Recorded information below:

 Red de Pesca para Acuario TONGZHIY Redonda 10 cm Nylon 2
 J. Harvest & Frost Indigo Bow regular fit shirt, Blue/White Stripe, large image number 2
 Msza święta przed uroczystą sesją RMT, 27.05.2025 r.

End of Recorded information.

Work request → The material is to be given again in full and without variation.

Answer →
 Red de Pesca para Acuario TONGZHIY Redonda 10 cm Nylon 2
 J. Harvest & Frost Indigo Bow regular fit shirt, Blue/White Stripe, large image number 2
 Msza święta przed uroczystą sesją RMT, 27.05.2025 r.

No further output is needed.